Cerro Cahui has native Maya rain forest and great view of Lake Peten Itza

Cerro Cahui is a protected nature reserve capably managed by CECON (of USAC). CECON is Centro de Estudios Conservacionistas. Lots of trees, vines, and plants that are native to the Mayan areas for millennia. In the CECON list of plants we noticed that 28 of them were sources of food: wild edible plants, not cultivated plants. 2000 years ago there were hundreds of plants in wetlands and hillside forests that were edible. We have been doing library research and field work to find and identify as many of these wild edible plants as possible. These plants are more healthy than eating junk food.

The Cerro Cahui reserve in Peten is 650 hectares. 650 hectares equals 6.5 square kilometers. In English and North American measurements this is close to 2.51 square miles, which is about 1,606 acres.

Three of other CECON areas that I have visited are: part of the Laguna del Tigre area of northwest Peten, the turtle preservation area around Monterrico (facing the Pacific Ocean) and Chocon Machacas, north side of El Golfete, Municipio de Livingston. We (FLAAR in USA and FLAAR Mesoamerica in Guatemala do field work on flora and fauna in all these areas).

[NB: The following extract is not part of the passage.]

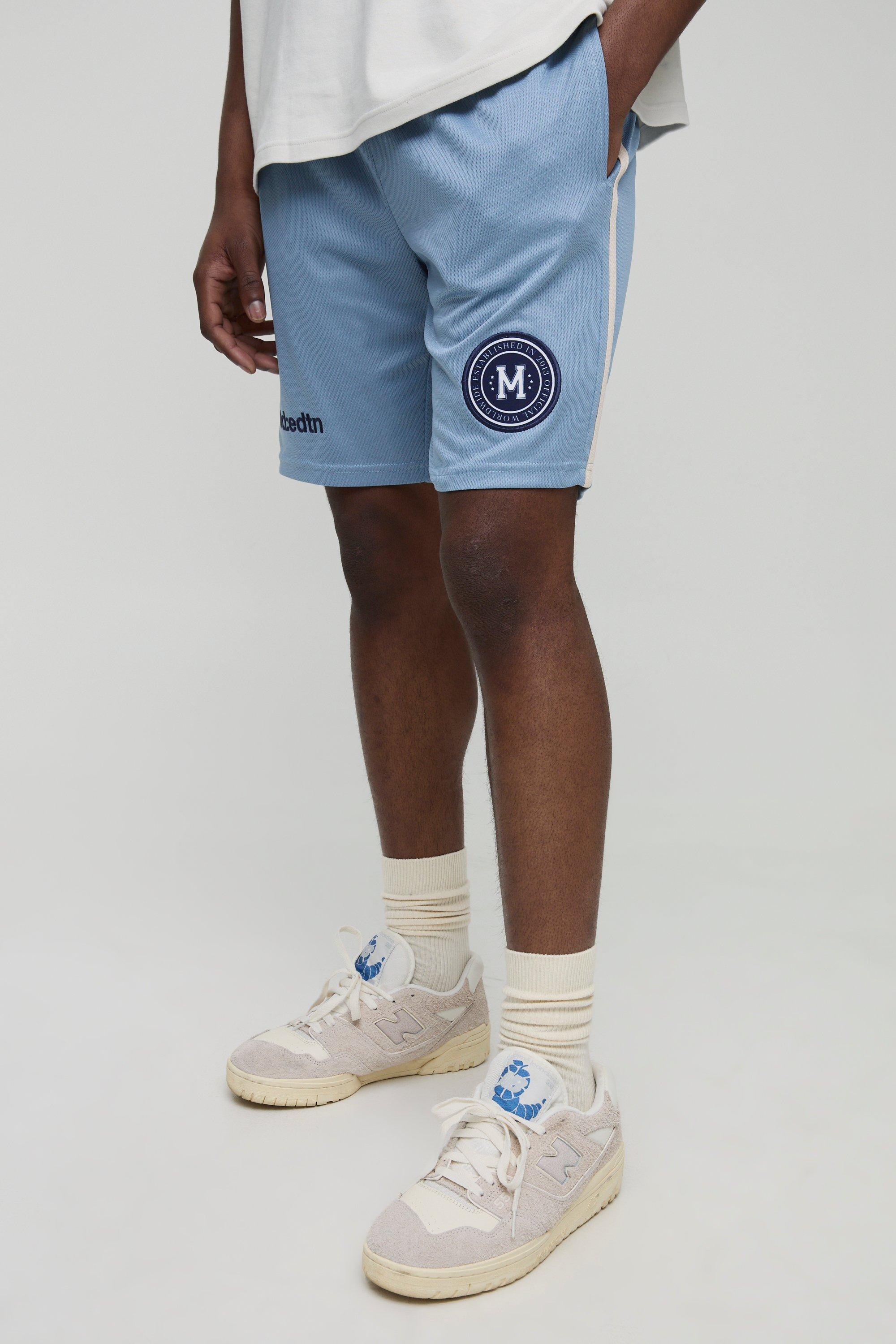Mens Blue Relaxed Mid Length Embroidered Sports Shorts, Blue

Cerro Cahui is easy to get to

When driving towards Tikal, once you are at north edge of El Remate, turn left (parallel to north side of Lake Peten Itza). Where you turn you will see Hotel de Don David on the left side.

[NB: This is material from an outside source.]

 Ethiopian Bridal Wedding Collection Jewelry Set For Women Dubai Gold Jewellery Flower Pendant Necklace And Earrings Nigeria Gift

In a kilometer or so you will see the entrance to Cerro Cahui.

Guides are knowledgeable and Helpful

You can either come with your own guide, or hike up the hill to the overlook by yourself. The advantage of a local guide is that they can identify the different plants and birds for you.

Suggested Reading on Cerro Cahui

We are preparing a bibliography on Cerro Cahui, but here is a good report to start with.

  • 2002
  • Plan Maestro Biotopo Cerro Cahuí. Guatemala. Consejo Nacional de Áreas Protegidas (CONAP), Organización Nacional Para la Conservación y el Ambiente. SC. (ONCA), Centro de Estudios Conservacionistas (CECON), 73 pages).

We are preparing a FLAAR report on Cerro Cahui in PDF format but wish also to offer this introductory page to get started.